# EXERCISE DESCRIPTION
Copy exactly the lines of the material below that fall between the line with "セミロング カラー アッシュ" and the line with "Vikki Vi Bright", both of those lines included; pictures stay out.

# LISTED ENTRIES
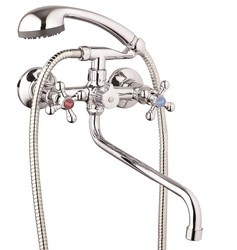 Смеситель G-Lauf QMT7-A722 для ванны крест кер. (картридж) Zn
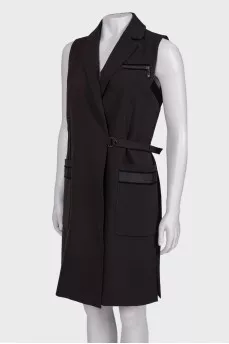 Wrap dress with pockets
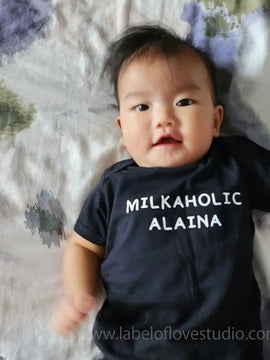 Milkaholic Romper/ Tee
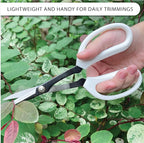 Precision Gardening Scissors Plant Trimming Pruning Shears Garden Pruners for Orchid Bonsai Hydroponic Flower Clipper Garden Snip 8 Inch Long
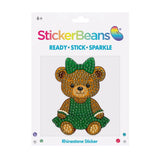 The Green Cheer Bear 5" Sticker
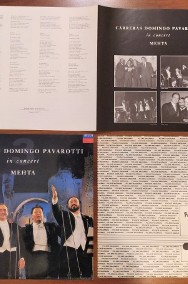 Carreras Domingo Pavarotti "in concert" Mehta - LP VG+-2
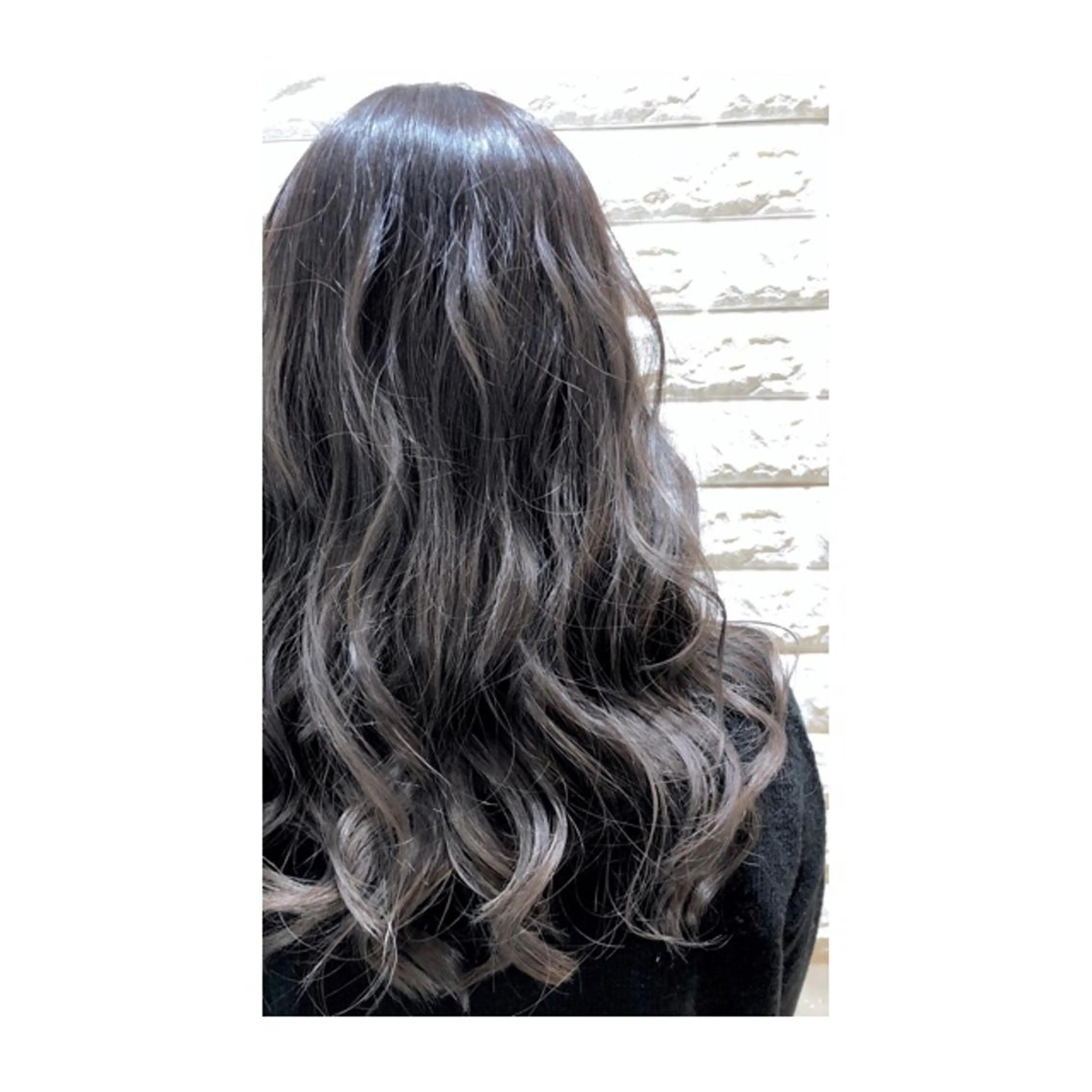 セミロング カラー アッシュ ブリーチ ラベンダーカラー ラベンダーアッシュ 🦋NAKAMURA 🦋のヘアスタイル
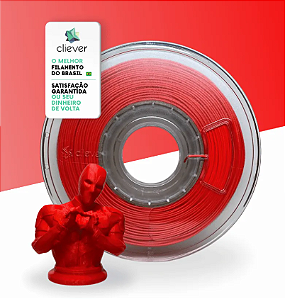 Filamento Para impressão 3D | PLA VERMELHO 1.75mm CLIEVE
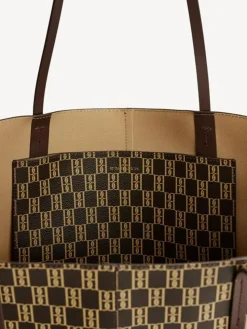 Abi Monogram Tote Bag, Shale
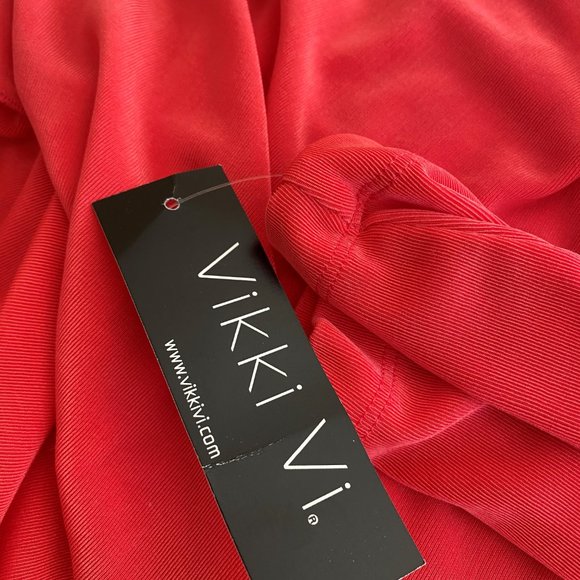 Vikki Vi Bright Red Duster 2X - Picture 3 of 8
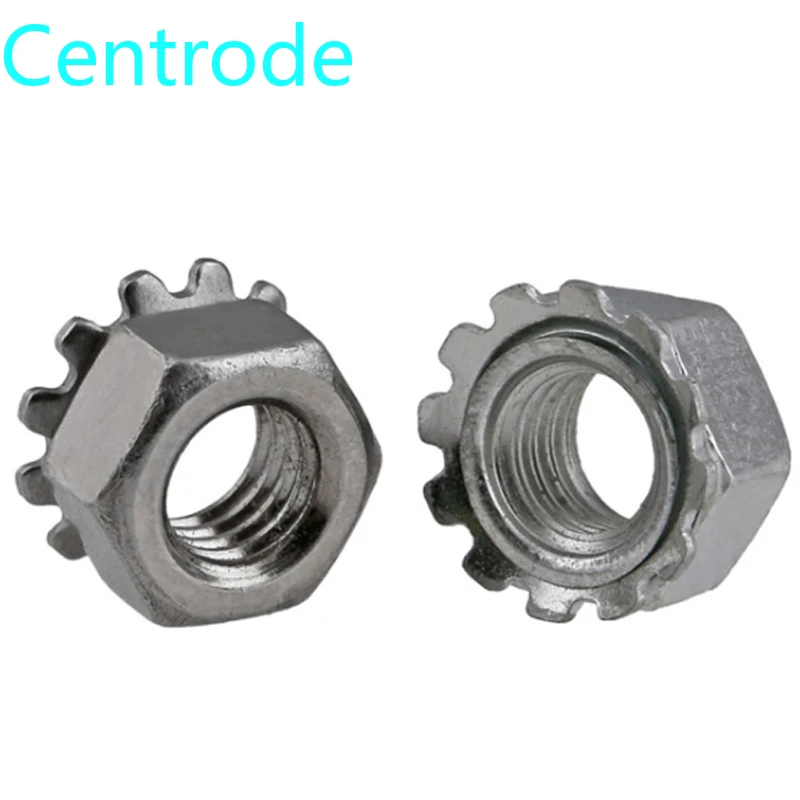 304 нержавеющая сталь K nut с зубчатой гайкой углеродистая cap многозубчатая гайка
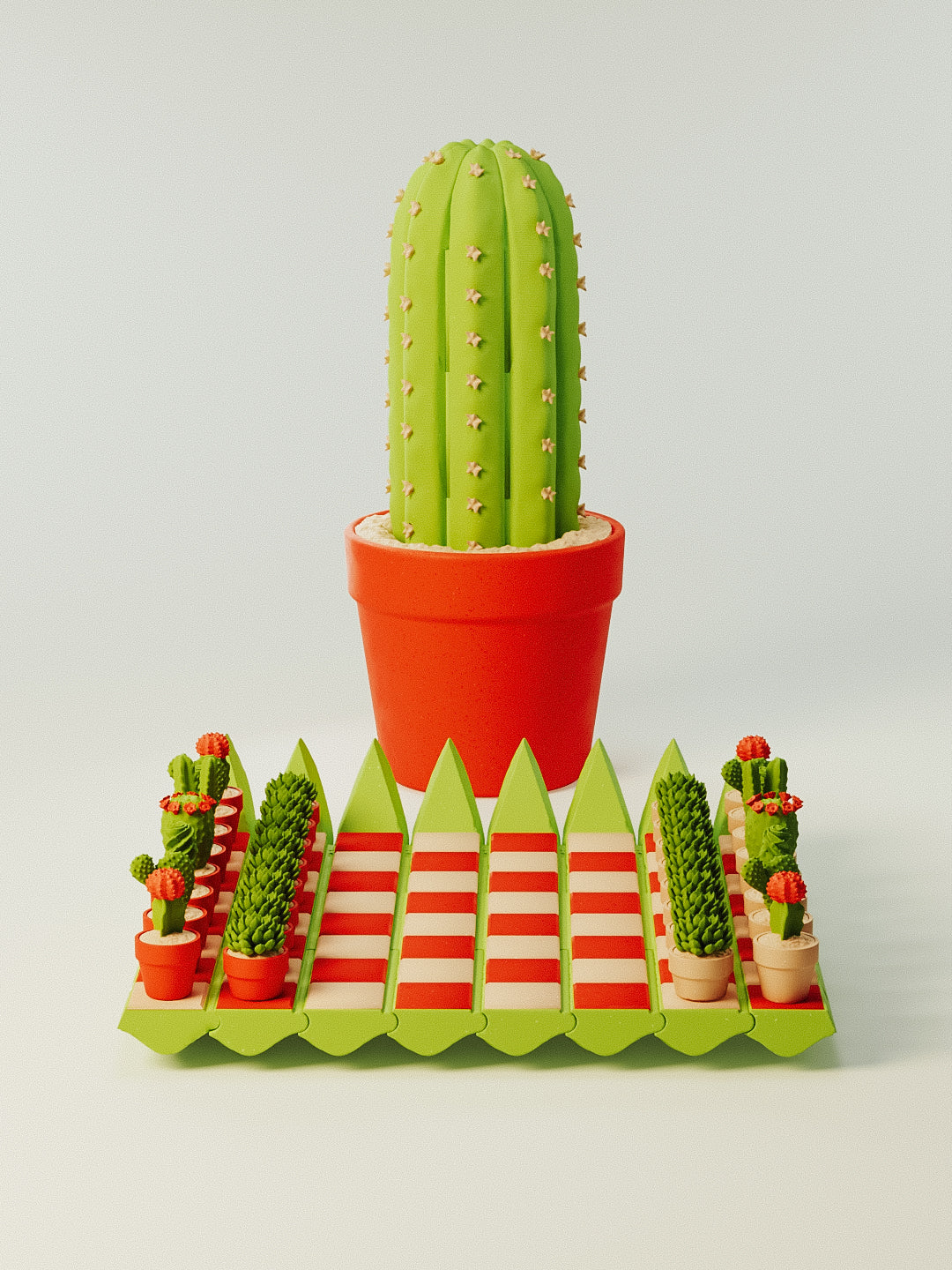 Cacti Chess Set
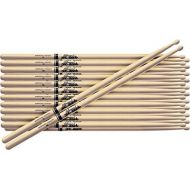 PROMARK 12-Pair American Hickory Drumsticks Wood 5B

...

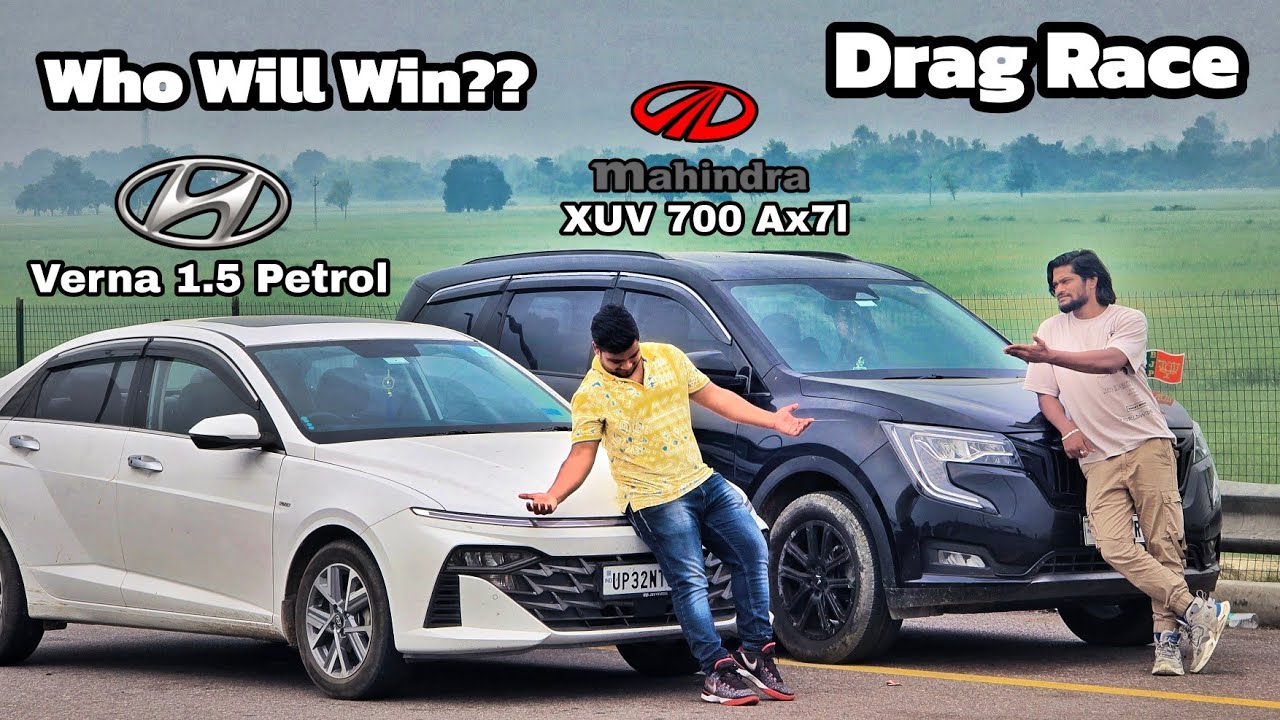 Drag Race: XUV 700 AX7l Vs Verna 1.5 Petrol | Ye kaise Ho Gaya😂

# ANSWER SPACE
 セミロング カラー アッシュ ブリーチ ラベンダーカラー ラベンダーアッシュ 🦋NAKAMURA 🦋のヘアスタイル
 Filamento Para impressão 3D | PLA VERMELHO 1.75mm CLIEVE
 Abi Monogram Tote Bag, Shale
 Vikki Vi Bright Red Duster 2X - Picture 3 of 8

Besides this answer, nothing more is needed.